Saved data entries
┏━━

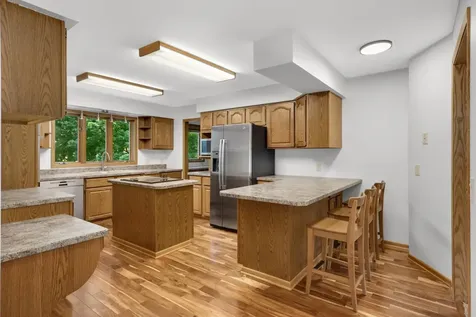 2064 Pin Oak Drive Eagan MN 55122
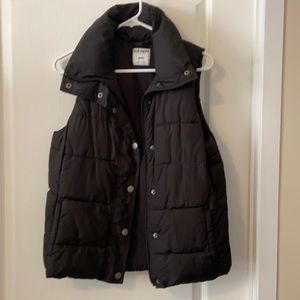 Black puffer vest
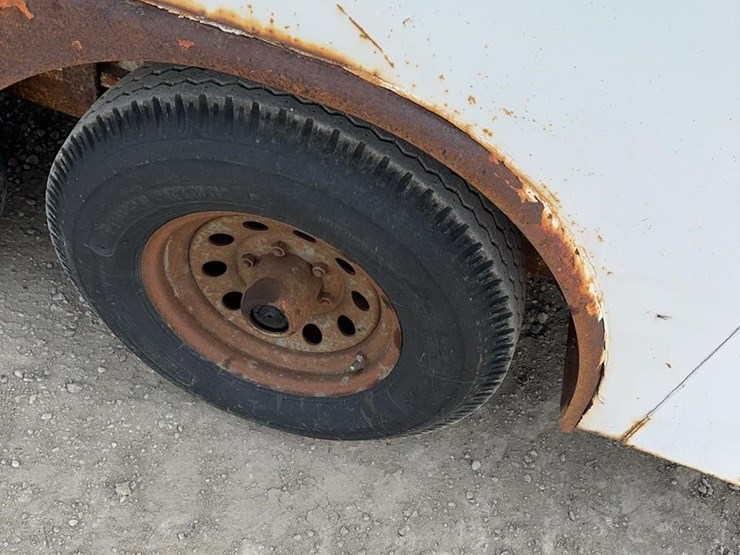 2001-cm-trailers-image-13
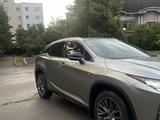 Lexus RX 300 2019 годаүшін28 000 000 тг. в Алматы – фото 4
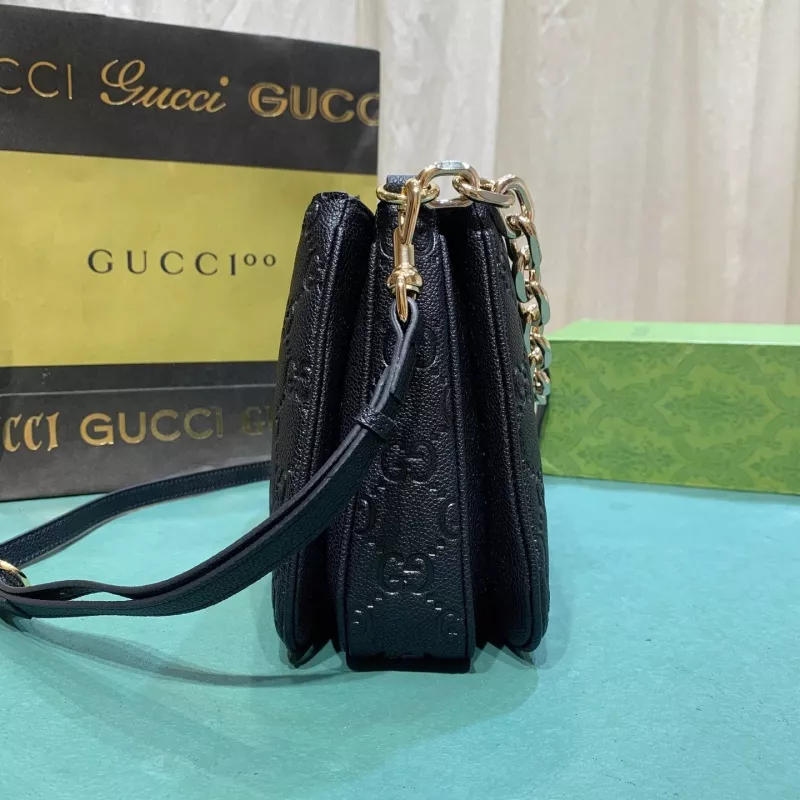 Gucci AAA Quality Messenger Bags For Women Popular 4677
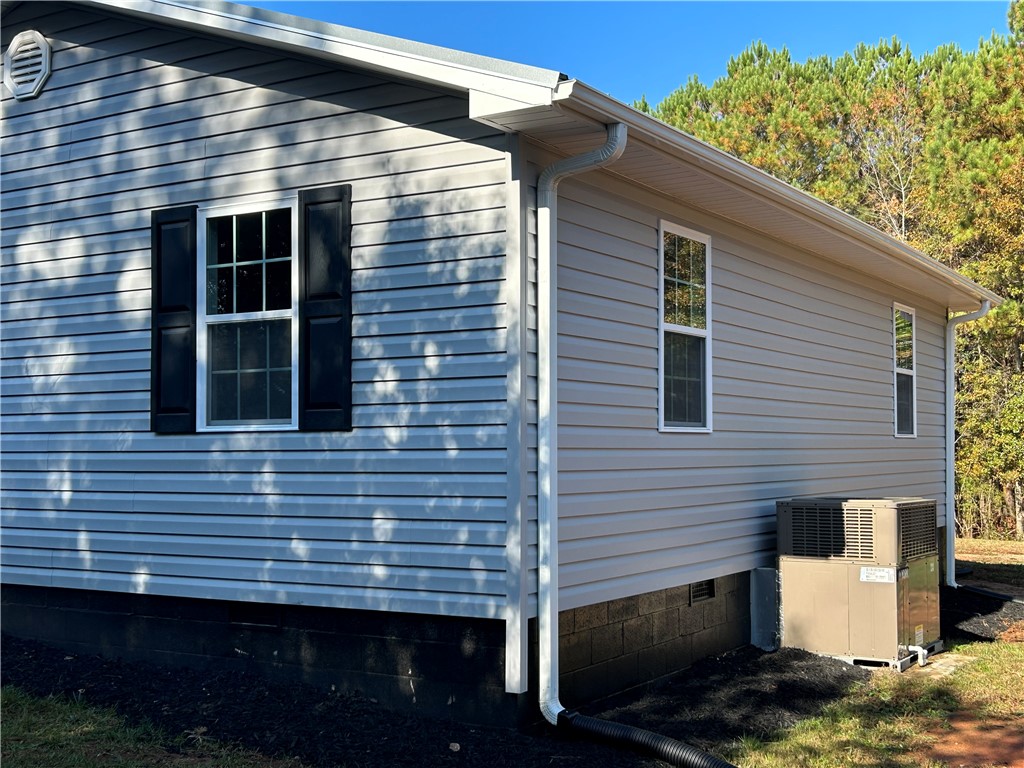 1019 Slab Bridge Road Liberty, SC 29657 - Photo 3 of 14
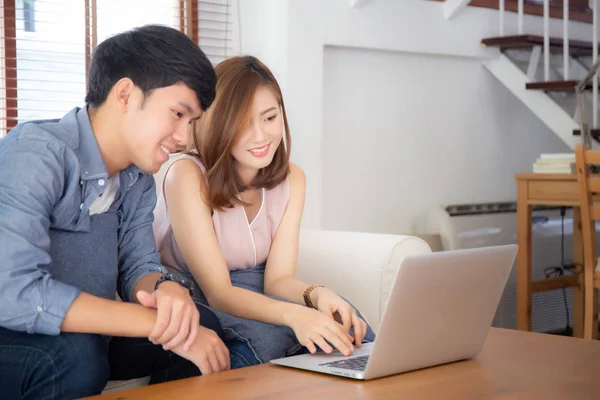 Asiático jovem casal usando laptop computador pensar e pesquisar int — Fotografia de Stock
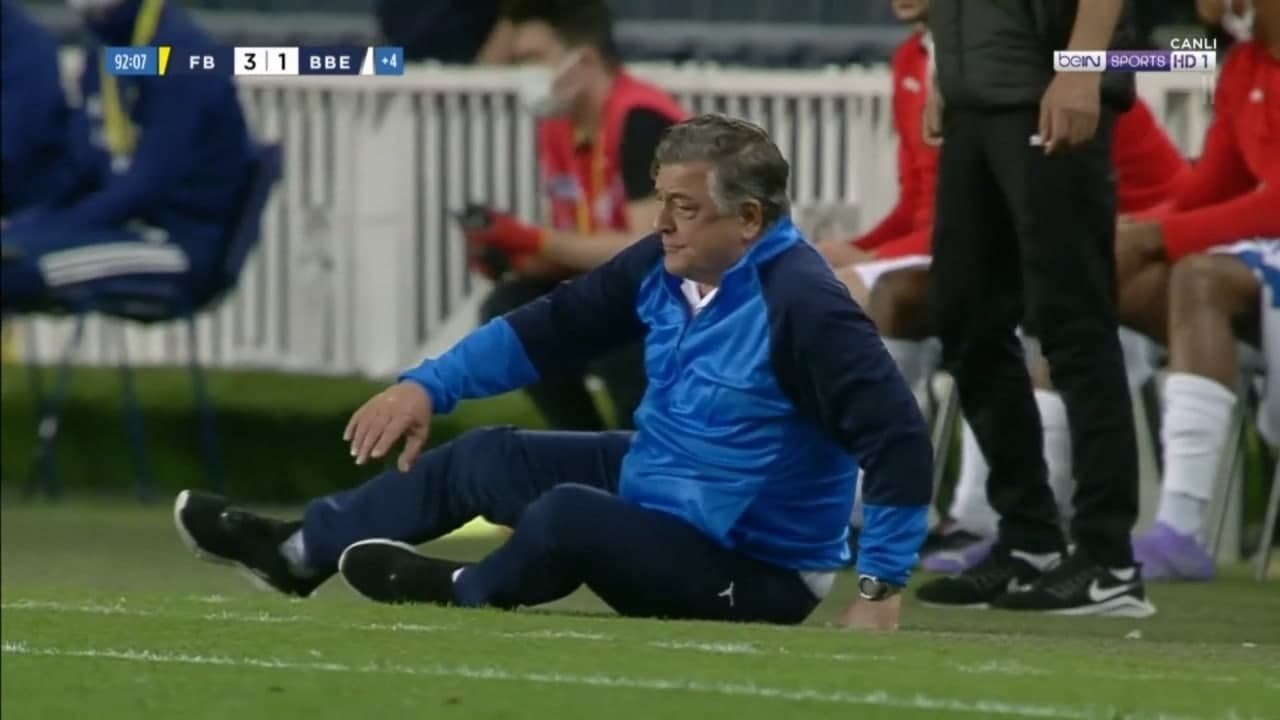 Fenerbahçe-BB Erzurumspor maçında Yılmaz Vural yerde kaldı ...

┗━━

■ **TASK BRIEF**
The lines from the one containing "Lexus RX 300" to the last line of the records, both included: print exactly those and nothing else, leaving out any pictures.

■ **EXERCISE OUTPUT**
 Lexus RX 300 2019 годаүшін28 000 000 тг. в Алматы – фото 4
 Gucci AAA Quality Messenger Bags For Women Popular 4677
 1019 Slab Bridge Road Liberty, SC 29657 - Photo 3 of 14
 Asiático jovem casal usando laptop computador pensar e pesquisar int — Fotografia de Stock
 Fenerbahçe-BB Erzurumspor maçında Yılmaz Vural yerde kaldı ...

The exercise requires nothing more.